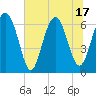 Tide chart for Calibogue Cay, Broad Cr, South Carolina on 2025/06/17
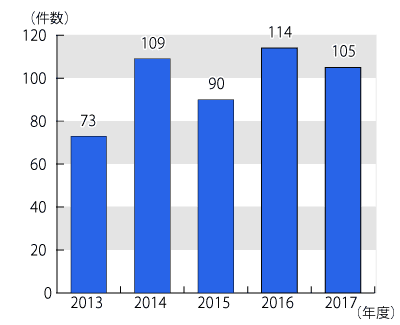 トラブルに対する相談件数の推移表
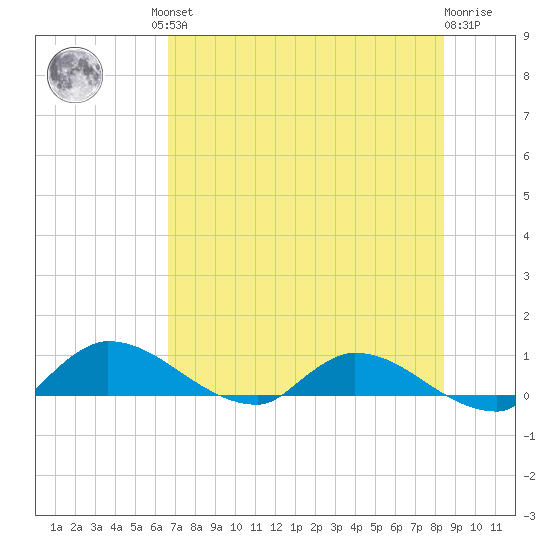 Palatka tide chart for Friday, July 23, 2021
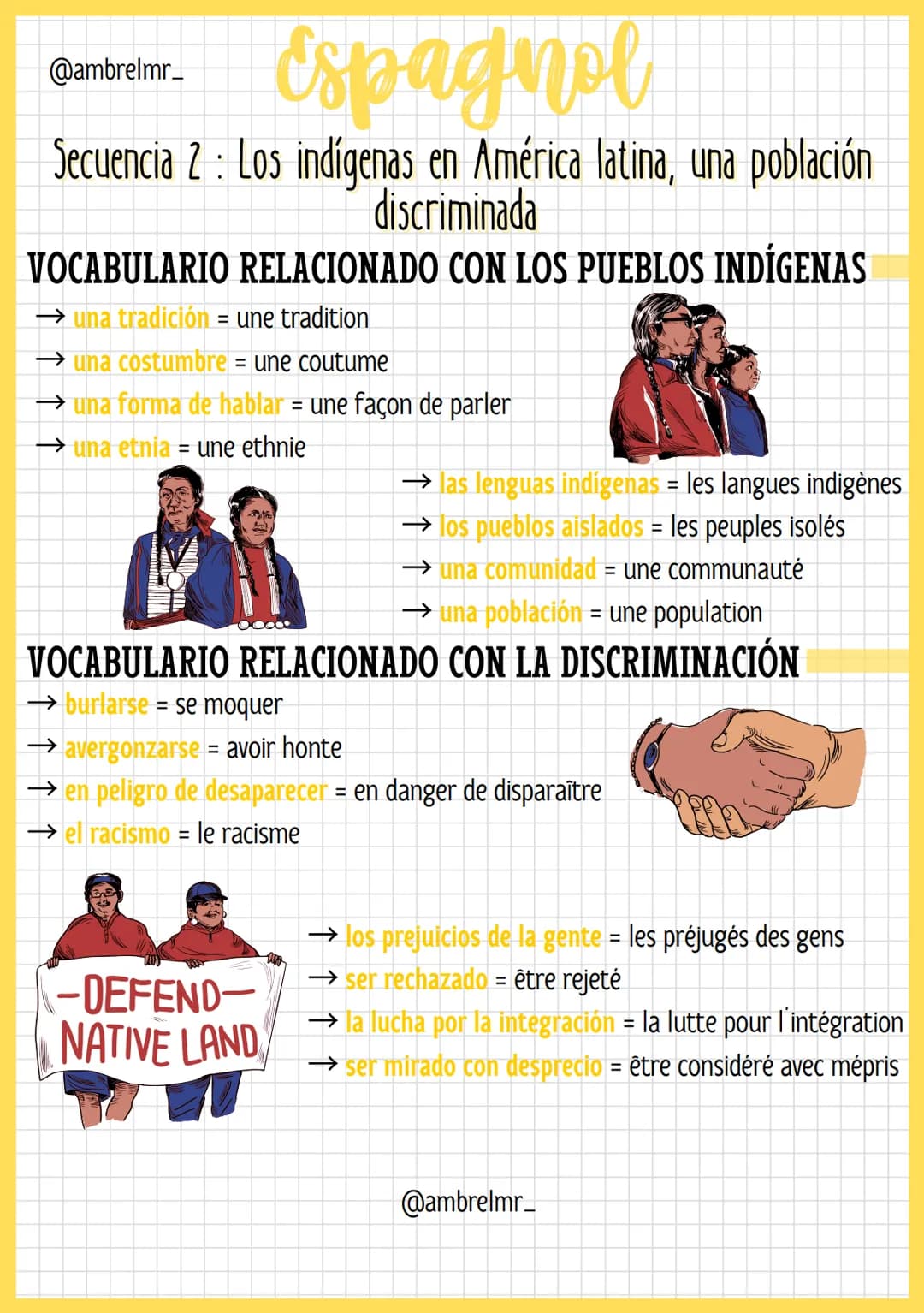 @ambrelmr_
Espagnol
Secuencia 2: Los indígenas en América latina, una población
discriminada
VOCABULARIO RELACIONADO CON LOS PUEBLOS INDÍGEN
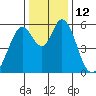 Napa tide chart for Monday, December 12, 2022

■ Task brief: Please set down every record exactly as it appears, leaving out the pictures.

■ Expected output:
 Tide chart for Calibogue Cay, Broad Cr, South Carolina on 2025/06/17
 トラブルに対する相談件数の推移表
 Palatka tide chart for Friday, July 23, 2021
 @ambrelmr_
Espagnol
Secuencia 2: Los indígenas en América latina, una población
discriminada
VOCABULARIO RELACIONADO CON LOS PUEBLOS INDÍGEN
 Napa tide chart for Monday, December 12, 2022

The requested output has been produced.